Transcribe the listing below exactly, without pictures.

_Provided data_.
_ _ _
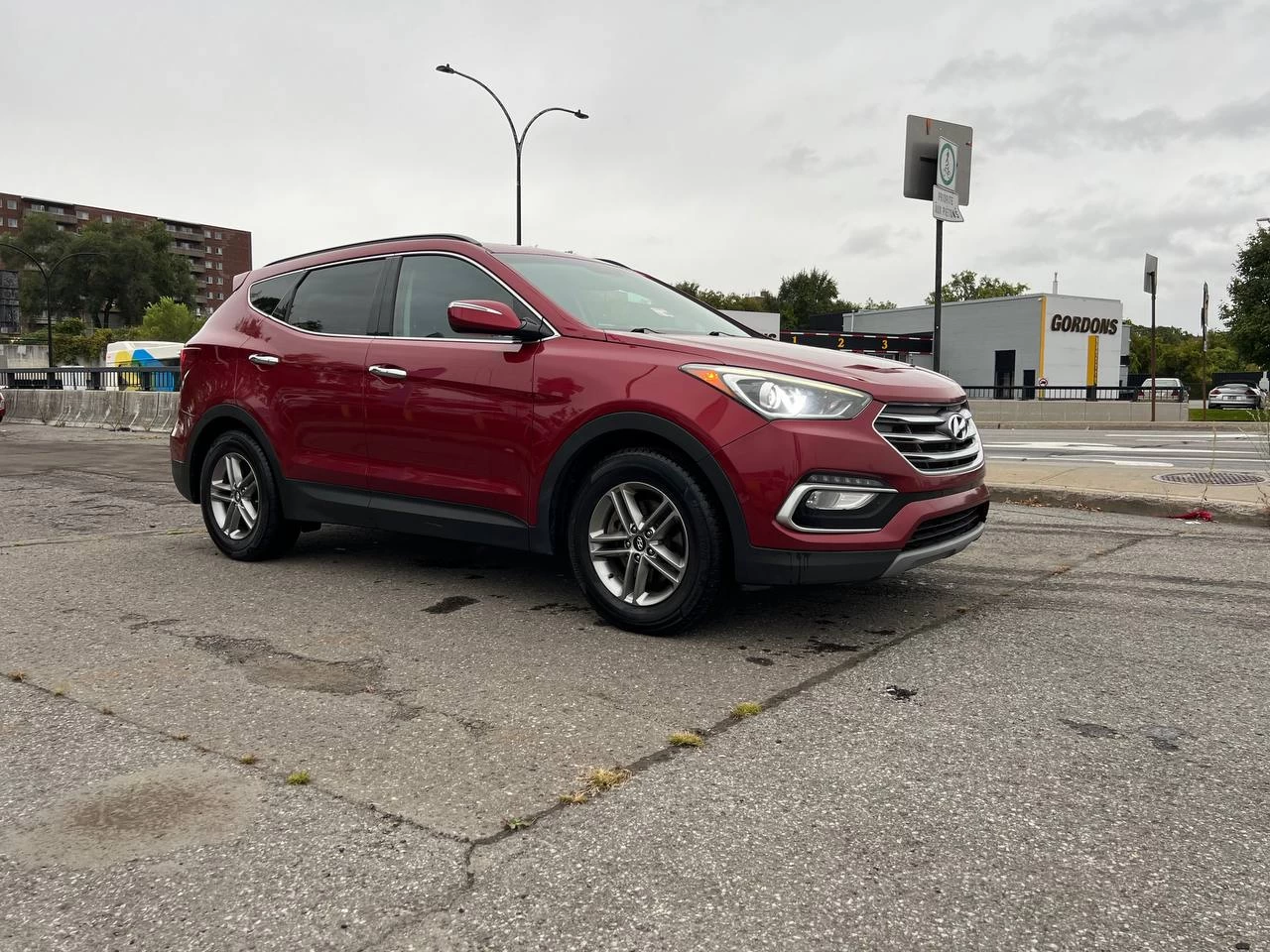 2018 Hyundai Santa Fe Sport Premium**Jamais accidentÉ**CamÉra de Recul**Volant Chauffant**SIEGES CHAUFFANTS**SiÈge ArriÈre Chauffant**ContrÔle des Angles Morts**Mags** Main Image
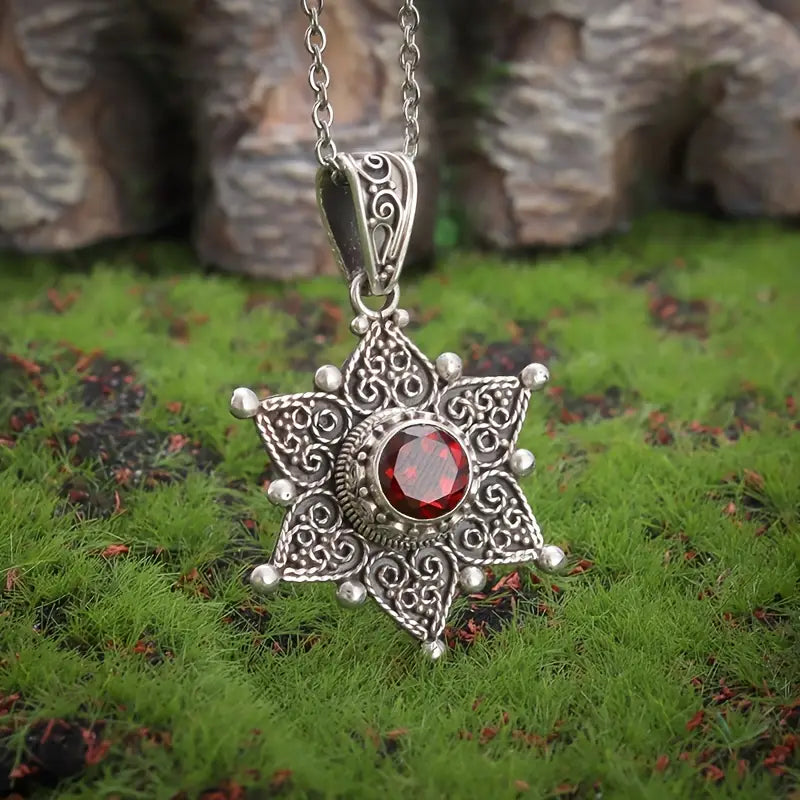 BettyRae - Carmalyth Necklace White Gold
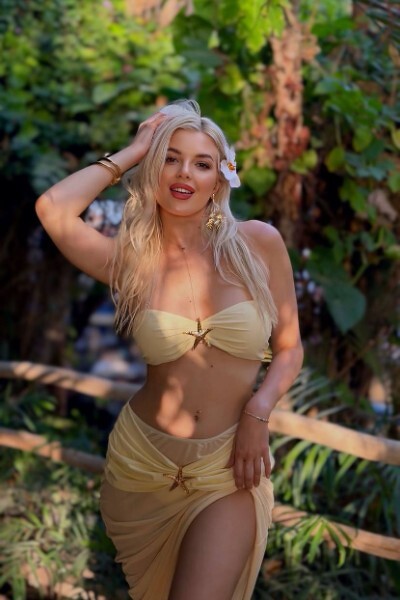 Angelic Grace: Victoriya, 35 y.o. from Brovary, Ukraine — VeronikaLove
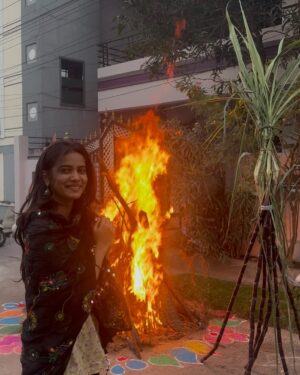 Sri Gouri Priya Instagram - అందమైన, ఆనందమైన సంక్రాంతి!🌴❤️✨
_ _ _
_Solved problem_.
 2018 Hyundai Santa Fe Sport Premium**Jamais accidentÉ**CamÉra de Recul**Volant Chauffant**SIEGES CHAUFFANTS**SiÈge ArriÈre Chauffant**ContrÔle des Angles Morts**Mags** Main Image
 BettyRae - Carmalyth Necklace White Gold
 Angelic Grace: Victoriya, 35 y.o. from Brovary, Ukraine — VeronikaLove
 Sri Gouri Priya Instagram - అందమైన, ఆనందమైన సంక్రాంతి!🌴❤️✨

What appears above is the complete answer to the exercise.